(Records excerpted from a collection)
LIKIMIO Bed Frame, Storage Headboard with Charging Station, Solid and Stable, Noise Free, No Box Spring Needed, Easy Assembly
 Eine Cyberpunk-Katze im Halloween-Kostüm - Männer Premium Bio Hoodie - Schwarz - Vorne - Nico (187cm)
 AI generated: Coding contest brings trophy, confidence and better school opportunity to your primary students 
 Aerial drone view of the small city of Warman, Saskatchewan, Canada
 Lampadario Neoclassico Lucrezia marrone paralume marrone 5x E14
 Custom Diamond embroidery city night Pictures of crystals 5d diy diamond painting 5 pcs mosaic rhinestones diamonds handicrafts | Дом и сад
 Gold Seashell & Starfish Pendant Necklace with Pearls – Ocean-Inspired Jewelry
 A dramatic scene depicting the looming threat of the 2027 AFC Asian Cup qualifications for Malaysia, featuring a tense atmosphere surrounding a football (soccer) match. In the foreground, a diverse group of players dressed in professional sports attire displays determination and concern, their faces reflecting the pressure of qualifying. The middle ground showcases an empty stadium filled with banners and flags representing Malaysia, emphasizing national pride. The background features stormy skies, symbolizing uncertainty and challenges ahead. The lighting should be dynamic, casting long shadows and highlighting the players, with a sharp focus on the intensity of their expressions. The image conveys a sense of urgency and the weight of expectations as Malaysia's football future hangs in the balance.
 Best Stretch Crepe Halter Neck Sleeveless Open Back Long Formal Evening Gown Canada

Required work> Search the records above for the word "city" and give the number of lines where it occurs, nothing else.

Written reply> 2